> **Task material**:
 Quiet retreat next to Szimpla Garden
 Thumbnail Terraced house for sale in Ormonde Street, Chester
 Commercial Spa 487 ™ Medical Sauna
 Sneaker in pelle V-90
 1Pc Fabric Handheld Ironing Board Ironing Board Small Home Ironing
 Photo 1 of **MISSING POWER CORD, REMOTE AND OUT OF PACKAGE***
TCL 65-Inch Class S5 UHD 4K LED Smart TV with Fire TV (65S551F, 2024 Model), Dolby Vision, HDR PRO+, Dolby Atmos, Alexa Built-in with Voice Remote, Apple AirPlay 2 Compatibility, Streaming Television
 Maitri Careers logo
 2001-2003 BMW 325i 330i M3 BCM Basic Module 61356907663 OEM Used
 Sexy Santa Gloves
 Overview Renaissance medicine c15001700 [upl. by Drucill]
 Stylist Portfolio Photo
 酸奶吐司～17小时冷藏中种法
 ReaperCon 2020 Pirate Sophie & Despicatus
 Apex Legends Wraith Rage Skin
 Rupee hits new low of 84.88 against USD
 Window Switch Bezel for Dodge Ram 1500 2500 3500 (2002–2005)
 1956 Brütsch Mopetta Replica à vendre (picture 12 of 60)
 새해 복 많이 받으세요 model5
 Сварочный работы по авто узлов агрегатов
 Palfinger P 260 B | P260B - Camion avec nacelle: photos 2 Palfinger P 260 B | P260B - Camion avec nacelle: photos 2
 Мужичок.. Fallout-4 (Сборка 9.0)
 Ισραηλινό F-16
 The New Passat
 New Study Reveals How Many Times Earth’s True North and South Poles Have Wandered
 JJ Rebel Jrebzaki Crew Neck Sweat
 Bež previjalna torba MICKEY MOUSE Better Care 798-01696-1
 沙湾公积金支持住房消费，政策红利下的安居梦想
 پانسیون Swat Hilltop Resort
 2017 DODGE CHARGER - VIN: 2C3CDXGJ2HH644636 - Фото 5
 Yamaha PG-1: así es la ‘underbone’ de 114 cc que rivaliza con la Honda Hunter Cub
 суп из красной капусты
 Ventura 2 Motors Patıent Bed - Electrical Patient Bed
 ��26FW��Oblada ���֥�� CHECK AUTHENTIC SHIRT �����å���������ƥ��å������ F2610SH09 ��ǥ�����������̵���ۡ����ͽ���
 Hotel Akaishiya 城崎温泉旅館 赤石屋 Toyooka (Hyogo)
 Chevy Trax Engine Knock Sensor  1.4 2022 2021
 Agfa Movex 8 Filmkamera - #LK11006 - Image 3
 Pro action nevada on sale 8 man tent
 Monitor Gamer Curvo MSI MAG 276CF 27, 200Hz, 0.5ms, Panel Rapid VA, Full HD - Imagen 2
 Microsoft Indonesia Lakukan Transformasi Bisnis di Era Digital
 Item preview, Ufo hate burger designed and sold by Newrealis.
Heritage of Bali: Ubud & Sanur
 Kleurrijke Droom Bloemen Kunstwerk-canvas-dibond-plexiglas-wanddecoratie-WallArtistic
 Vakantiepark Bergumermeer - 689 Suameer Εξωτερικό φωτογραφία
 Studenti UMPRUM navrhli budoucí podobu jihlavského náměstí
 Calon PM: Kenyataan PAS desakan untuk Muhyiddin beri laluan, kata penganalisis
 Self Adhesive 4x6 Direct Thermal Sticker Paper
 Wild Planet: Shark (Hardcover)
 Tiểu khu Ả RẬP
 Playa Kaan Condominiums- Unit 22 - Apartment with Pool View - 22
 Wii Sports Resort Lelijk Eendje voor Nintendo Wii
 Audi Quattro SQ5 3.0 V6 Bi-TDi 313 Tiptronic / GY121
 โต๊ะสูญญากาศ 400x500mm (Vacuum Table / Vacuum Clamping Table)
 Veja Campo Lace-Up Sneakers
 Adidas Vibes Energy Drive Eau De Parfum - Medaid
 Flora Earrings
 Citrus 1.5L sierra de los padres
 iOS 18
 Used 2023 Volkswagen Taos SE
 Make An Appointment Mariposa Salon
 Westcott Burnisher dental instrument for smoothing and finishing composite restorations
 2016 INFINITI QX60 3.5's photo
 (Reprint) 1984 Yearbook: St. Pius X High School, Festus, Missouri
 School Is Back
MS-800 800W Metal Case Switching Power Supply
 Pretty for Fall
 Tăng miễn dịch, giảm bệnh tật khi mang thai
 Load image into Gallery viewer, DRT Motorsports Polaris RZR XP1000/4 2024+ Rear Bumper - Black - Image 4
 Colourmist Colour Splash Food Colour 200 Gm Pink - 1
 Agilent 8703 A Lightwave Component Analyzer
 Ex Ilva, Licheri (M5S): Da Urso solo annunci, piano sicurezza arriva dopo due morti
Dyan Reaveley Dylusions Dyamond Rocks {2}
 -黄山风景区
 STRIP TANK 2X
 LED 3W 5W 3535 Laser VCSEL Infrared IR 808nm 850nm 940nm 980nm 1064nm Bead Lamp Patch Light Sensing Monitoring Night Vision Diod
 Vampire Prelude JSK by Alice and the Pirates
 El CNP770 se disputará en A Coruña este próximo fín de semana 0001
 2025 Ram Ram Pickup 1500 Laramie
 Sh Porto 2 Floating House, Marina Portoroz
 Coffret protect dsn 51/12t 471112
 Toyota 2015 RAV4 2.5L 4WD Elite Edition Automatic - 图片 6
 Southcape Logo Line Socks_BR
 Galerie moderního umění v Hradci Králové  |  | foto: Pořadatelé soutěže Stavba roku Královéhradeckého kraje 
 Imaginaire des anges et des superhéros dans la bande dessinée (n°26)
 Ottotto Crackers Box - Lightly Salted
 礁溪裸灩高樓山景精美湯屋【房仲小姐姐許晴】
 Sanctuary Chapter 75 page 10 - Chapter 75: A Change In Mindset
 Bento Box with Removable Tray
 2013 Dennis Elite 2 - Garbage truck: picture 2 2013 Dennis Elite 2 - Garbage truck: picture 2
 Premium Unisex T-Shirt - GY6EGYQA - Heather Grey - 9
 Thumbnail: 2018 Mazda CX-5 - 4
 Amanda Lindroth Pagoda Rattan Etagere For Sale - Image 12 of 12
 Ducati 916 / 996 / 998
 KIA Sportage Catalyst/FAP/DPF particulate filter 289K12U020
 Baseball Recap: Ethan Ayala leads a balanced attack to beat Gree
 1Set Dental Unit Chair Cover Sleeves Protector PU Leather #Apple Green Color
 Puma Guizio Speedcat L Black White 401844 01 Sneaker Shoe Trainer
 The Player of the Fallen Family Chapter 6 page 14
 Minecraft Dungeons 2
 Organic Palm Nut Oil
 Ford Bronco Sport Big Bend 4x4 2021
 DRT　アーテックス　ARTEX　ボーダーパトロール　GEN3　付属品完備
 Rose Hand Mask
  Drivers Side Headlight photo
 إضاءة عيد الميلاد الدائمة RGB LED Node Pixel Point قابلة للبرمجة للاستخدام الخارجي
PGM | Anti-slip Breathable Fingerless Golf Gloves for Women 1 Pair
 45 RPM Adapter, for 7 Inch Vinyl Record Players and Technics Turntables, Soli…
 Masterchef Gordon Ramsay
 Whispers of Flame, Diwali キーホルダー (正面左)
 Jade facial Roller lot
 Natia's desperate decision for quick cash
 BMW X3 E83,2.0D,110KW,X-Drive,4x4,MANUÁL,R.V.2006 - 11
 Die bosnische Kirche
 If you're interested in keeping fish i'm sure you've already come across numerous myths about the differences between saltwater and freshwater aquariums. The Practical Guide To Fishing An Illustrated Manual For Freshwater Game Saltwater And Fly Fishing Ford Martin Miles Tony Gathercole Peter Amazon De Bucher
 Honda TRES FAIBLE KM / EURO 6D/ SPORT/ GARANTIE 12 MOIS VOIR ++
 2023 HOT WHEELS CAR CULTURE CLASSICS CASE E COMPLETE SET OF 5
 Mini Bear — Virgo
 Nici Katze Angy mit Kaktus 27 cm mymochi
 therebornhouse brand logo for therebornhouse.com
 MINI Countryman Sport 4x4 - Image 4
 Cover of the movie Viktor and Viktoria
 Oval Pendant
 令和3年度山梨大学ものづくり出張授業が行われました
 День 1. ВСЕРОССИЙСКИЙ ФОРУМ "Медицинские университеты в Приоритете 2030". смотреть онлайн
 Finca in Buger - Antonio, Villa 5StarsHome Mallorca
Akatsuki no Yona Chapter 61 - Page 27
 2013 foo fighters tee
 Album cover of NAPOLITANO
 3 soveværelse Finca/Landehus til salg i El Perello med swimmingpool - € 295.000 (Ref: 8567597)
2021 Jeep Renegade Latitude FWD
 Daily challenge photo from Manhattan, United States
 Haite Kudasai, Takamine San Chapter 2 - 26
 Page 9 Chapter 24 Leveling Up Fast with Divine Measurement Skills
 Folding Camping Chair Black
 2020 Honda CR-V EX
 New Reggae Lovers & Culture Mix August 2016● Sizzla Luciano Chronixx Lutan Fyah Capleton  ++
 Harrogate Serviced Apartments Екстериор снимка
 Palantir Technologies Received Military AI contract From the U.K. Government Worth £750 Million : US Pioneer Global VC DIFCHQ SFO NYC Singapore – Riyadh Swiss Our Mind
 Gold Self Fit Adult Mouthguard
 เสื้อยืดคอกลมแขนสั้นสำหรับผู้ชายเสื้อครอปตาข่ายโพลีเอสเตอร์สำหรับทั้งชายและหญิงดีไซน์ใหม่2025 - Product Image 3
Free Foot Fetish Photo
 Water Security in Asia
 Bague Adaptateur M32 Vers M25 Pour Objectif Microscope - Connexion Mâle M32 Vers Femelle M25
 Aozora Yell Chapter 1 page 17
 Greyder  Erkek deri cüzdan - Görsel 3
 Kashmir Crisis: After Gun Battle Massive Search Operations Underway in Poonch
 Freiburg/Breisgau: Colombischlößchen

> **What is being asked**: Once you have gone through the listing, state the number of lines holding the word "Black" and nothing else.

> **Solution to this problem**: 3